Diving into the country’s history of outlawing sex work, the report argues that decriminalization not only is “part of an effective anti-trafficking policy” but also “reduces cycles of police violence, arrest, incarceration, and deportation and allows people to report violence and exploitation when they experience it without fear of arrest or incarceration.”
In 2018, NLG membership passed a resolution condemning SESTA/FOSTA & calling for the decriminalization of sex work. Today, we’re proud to be 1 of 28 orgs partnered w/ @dataprogress to release this report by @theninaluo: https://t.co/VGqBk6l6Lj #DecriminalizeSurvival #DecrimNow pic.twitter.com/oeEHYH1TFM
— National Lawyers Guild (@NLGnews) January 30, 2020
The report features personal stories from sex workers and emphasizes that they “are often undocumented, women of color and/or young LGBTQ+ people who have little to no access to the justice system.” It also lays out how decriminalization advances racial and LGBTQ+ justice, supports gender equity, protects immigrant and labor rights, and promotes public health.
“I’ve been arrested four times for prostitution. Only once was I actually doing sex work, the other three arrests were just profiling because I’m a trans woman,” said Make the Road NY TGNCIQ justice organizer Bianey Garcia, whose story is in the report.
National Center for Transgender Equality executive director Mara Keisling pointed out that the U.S. Trans Survey “shows that transgender people report high rates of police harassment, abuse, or mistreatment at the hands of police, both when they have been mistakenly profiled as sex workers and when they have actually engaged in sex work. Bringing sex work out of the shadows can help to reduce those risks.”

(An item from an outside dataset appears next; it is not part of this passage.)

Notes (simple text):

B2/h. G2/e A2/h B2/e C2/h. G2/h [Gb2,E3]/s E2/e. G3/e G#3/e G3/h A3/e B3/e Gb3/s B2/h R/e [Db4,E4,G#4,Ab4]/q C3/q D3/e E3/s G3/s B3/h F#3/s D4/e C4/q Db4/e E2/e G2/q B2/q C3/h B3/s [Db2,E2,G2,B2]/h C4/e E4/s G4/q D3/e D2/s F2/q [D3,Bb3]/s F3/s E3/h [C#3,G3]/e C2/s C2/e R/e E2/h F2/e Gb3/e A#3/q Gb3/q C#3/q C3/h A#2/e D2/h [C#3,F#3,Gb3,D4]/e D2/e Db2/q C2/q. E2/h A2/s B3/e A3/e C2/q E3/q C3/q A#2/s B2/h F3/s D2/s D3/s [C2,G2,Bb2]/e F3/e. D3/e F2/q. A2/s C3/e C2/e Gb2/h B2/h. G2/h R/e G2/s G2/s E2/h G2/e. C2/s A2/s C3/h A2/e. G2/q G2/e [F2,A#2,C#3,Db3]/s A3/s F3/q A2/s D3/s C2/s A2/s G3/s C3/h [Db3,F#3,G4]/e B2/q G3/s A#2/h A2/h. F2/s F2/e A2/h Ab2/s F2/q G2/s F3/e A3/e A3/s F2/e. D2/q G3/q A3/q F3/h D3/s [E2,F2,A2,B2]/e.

Decriminalizing Survival suggests that “sex work is an issue of controversy because it forces us to reckon with the realities of economic, racial, and gender injustice,” adding that “people trade sex for many reasons, but most often to meet basic needs, and until this economy affords everyone a home, a living wage job, healthcare, and education, many people will continue to trade sex for survival.”

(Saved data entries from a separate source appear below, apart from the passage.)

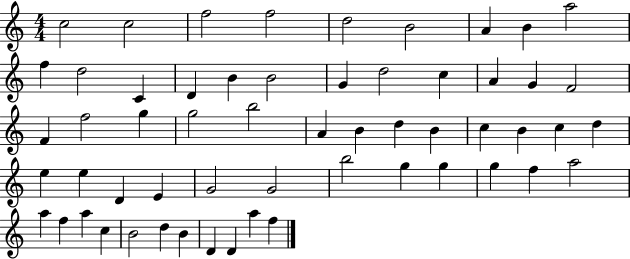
X:1
T:Untitled
M:4/4
L:1/4
K:C
c2 c2 f2 f2 d2 B2 A B a2 f d2 C D B B2 G d2 c A G F2 F f2 g g2 b2 A B d B c B c d e e D E G2 G2 b2 g g g f a2 a f a c B2 d B D D a f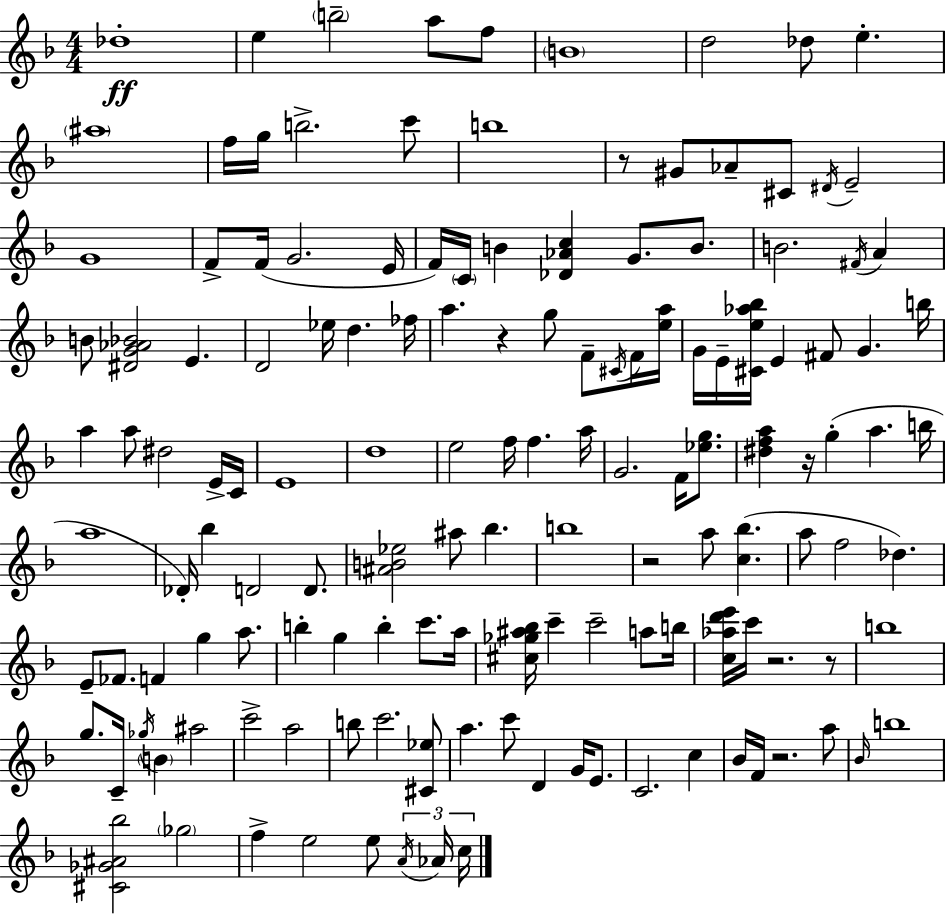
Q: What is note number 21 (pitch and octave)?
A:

The platform put forth includes state, county, and city-level legislative reforms; police accountability measures; prosecutor practices and policies; and housing, services and labor protections. The report urges all individuals and groups to support those policies while noting that the platform is not conclusive and further work on the issue must include close collaboration with people who trade sex.
Our policy platform: decriminalization is divesting from police, courts, prosecutors, and investing in housing, health, and immigration services that are not tied to arrest. #DecrimNow
Read our full platform: https://t.co/xApxPQDmGU pic.twitter.com/yyFhmWKH5d
— BYP100 (@BYP_100) January 30, 2020
“Laws criminalizing sex work criminalize poverty and thrust LGBTQIA people of color who face rampant employment discrimination into prisons and jails,” Chinyere Ezie, staff attorney at the Center for Constitutional Rights said Thursday. “This report begins a discussion about criminal justice reform that’s long overdue and charts a path forward for a more just future.”
As the report’s new polling shows, Rep. Ro Khanna (D-Calif.) told The New Republic Thursday, “the national conversation on sex work is rapidly moving in favor of decriminalization, and it’s long past time for Congress to catch up.”
Last month, Khanna and a group of progressives introduced legislation to study how a package of laws called SESTA/FOSTA have negatively impacted sex workers. The congressman said Thursday that studying these measures is a start, “[b]ut ultimately we must move toward decriminalization.”